**WORK INSTRUCTION:** All lines in the records below from the line with "Button-Front Shaker Cardigan image number 1" through the line with "Czech Bohemian Crystal" are to be given again exactly, both ends included; the pictures are to be left out.

[Image-caption web data]
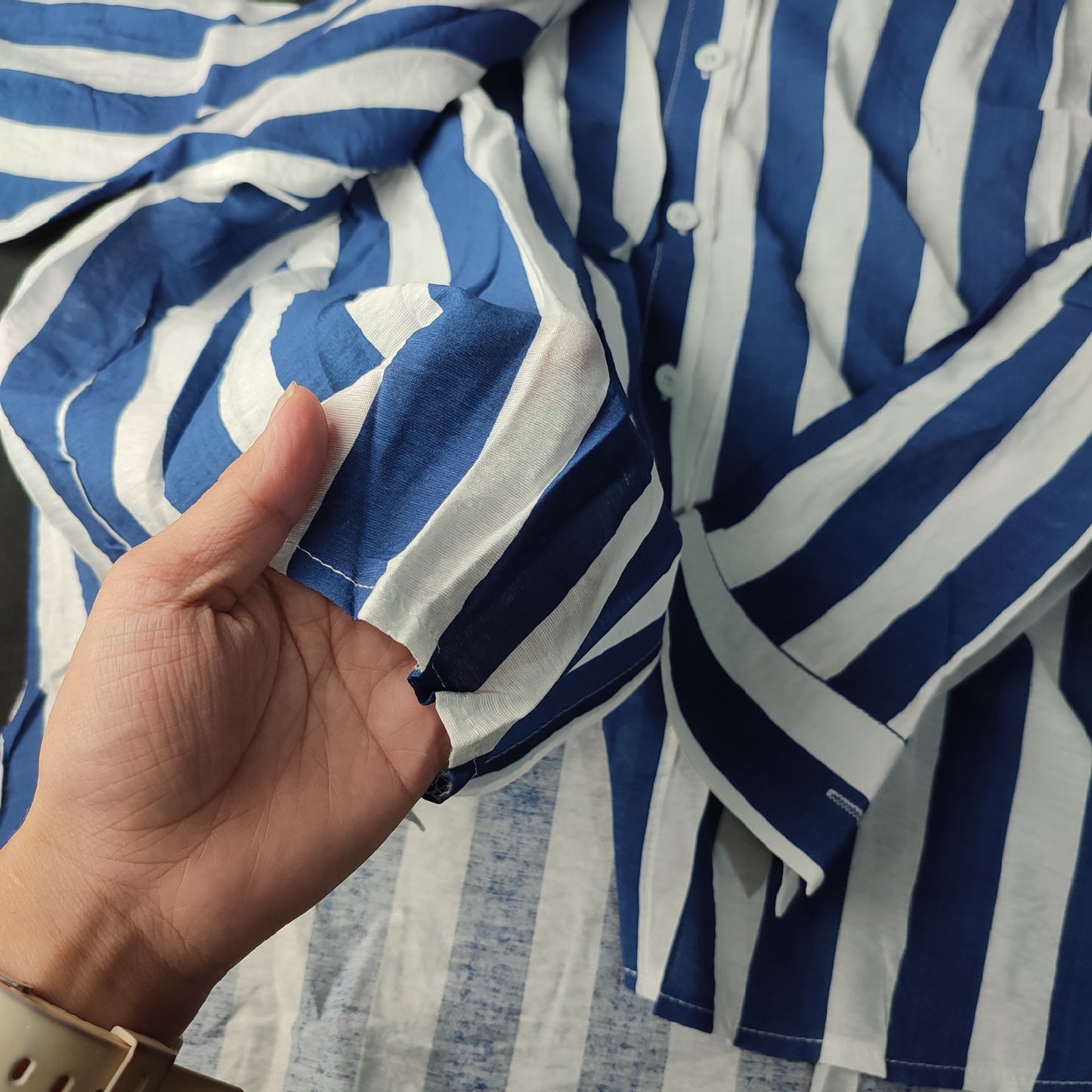 (PF7OSJ)Blue Striped Long Sleeve Shirt - Size: 160/84A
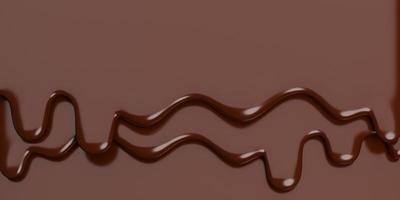 Melted milk brown chocolate flow down on brown banner Background with copy space.,3d model and illustration. photo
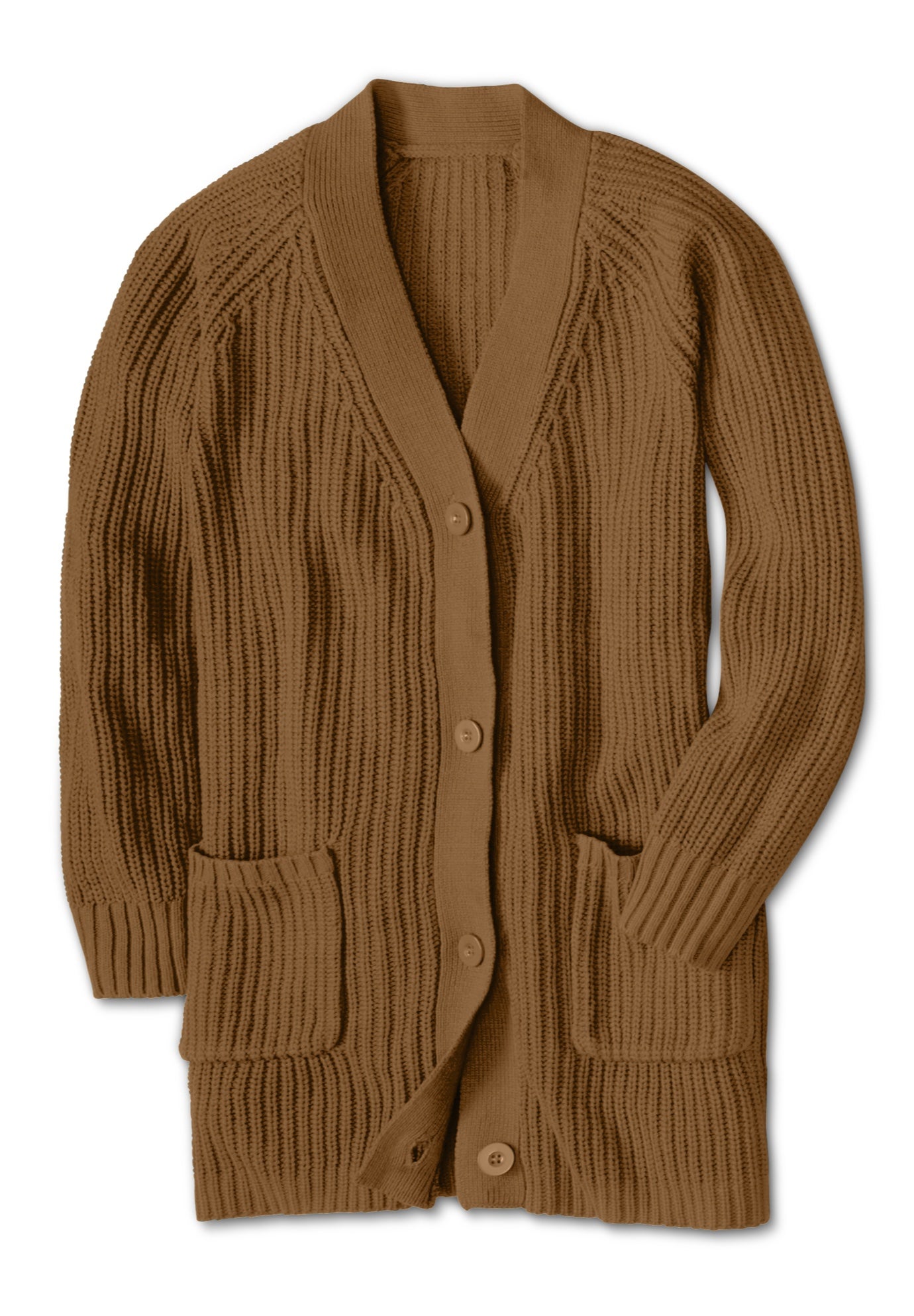Button-Front Shaker Cardigan image number 1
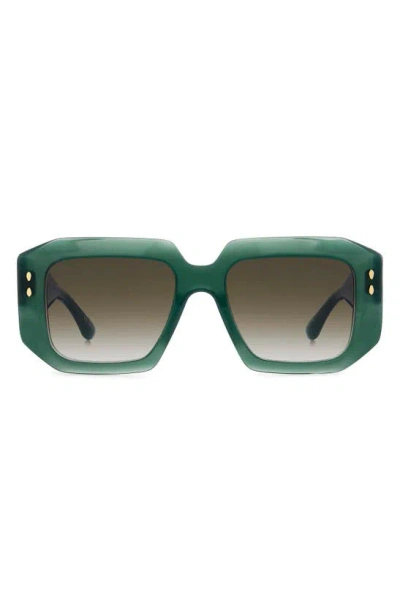 Isabel Marant 53mm Gradient Square Sunglasses In Green/ Green Shaded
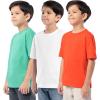 Fruit of the Loom Boys Short Sleeve Cotton Crewneck T-Shirts, 3 Pack(White/Red/Green)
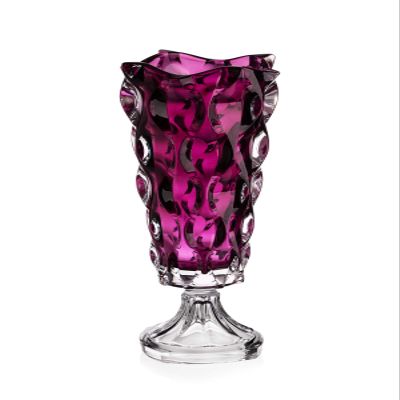 Czech Bohemian Crystal Glass Footed Vase 16''-Height Purple ''Samba'' Design Elegant Centerpiece Flower Vase Gorgeous Home Decor Birthday Wedding Housewarming Anniversary Party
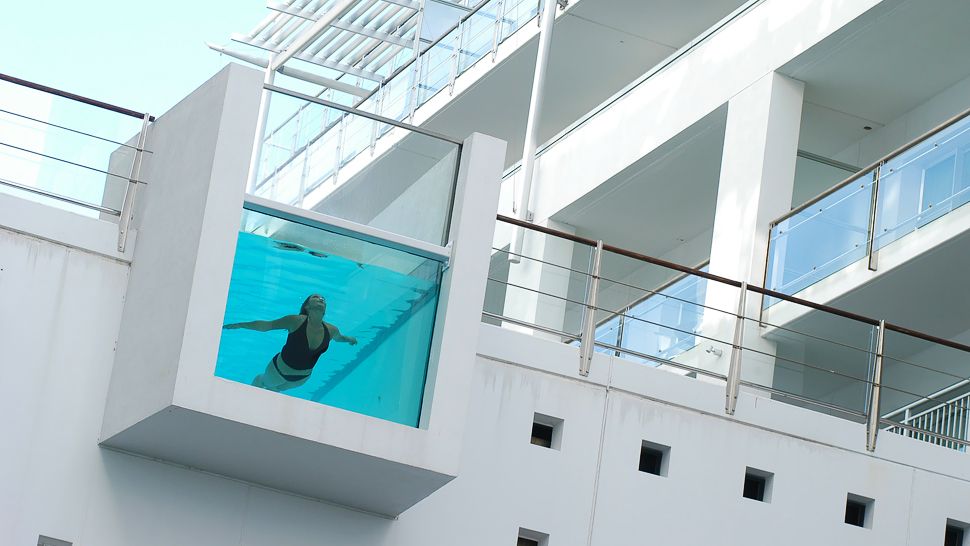 Hilton Auckland North Island Unique High Rise Pool Transpa Wall Hotel Exterior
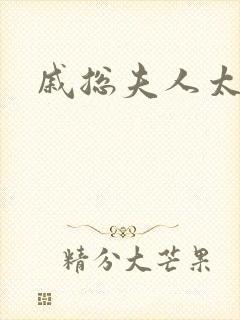 戚总夫人太迷人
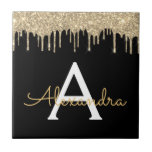 Guld Black Luxury Glitter Glam Monogram Namn Kakelplatta<br><div class="desc">Guld och Svarta Gnistran Glitter Monogram Namn och initiala keramiska plattor. Det gör perfekten söt 16-årsjubileum,  bröllop,  möhippa,  årsdag,  babydusch eller bachelorette-fest för någon som glam lyxen och chic stilar i kärlek.</div>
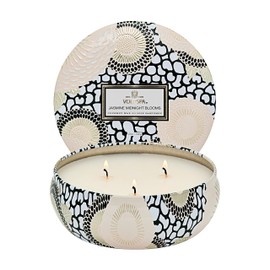 Voluspa Jasmine Midnight Blooms Candle, 3 Wick Tin Candle Jar, 12oz, 40 Hour Burn Time, Coconut Wax Candle for The Home, Handcrafted in The USA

**RESULT OF THIS EXERCISE:**
Button-Front Shaker Cardigan image number 1
 Isabel Marant 53mm Gradient Square Sunglasses In Green/ Green Shaded
 Fruit of the Loom Boys Short Sleeve Cotton Crewneck T-Shirts, 3 Pack(White/Red/Green)
 Czech Bohemian Crystal Glass Footed Vase 16''-Height Purple ''Samba'' Design Elegant Centerpiece Flower Vase Gorgeous Home Decor Birthday Wedding Housewarming Anniversary Party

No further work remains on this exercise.